This book is on the one hand very good, but on the other hand quite tedious and hard to read. Really it is a book of two halves. The chapters alternated between the story of a fictional family trapped in the World Trade Centre on 911 and the authors philisophical musings on the meaning of these tumultuos events.
The chapters about the fictional family are very good. The emotions are conveyed really well and whilst we will never know just how it was for those trapped before the collapse of the buildings, this book gives as close a desciption as we will probably ever get. The author has been brave in writing about this topic and his aim of telling the story of the last minutes of those poor peoples lives is achieved. You develop a real sympathy for the family involved and all the characters are likeable, and very human. The author does not glamourise them or the situation at all which is what was required in a novel about 911.
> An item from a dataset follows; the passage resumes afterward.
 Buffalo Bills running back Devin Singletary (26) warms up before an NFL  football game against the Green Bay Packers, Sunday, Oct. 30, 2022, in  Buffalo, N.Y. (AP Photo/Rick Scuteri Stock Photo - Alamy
However, this is spoilt somewhat by the authors own musings in the alternate chapters. Initially I could tolerate this but in the later stages of the book it really grated on me and I ended up skipping these chapters. The author's devotion of so much time to his opinions seemed self-indulgent in the context of the story he was telling. Perhaps this idea would have worked better if these chapters were shorter, but they seemed to take over the book and have more time devoted to them than the fictional story.
Overall this is half a good book, but certainly a brave one in tackling this topic and in the style in which it is written, whether you like it or not.